## Your instructions
Please report, as a bare number, how many lines below include the string "holds".

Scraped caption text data
········

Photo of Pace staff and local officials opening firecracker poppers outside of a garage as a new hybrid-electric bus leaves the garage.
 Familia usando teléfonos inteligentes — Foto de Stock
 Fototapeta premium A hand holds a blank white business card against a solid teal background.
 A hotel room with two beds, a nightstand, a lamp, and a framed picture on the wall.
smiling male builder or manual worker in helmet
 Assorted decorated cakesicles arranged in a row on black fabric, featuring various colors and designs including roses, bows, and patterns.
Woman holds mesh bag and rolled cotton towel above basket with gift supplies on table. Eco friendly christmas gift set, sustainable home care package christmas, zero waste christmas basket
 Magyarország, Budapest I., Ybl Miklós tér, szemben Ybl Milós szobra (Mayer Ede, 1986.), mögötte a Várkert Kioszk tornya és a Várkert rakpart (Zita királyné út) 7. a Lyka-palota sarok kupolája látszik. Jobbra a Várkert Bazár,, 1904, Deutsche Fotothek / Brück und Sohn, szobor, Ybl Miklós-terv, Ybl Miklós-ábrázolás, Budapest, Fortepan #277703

········

## Task solution
2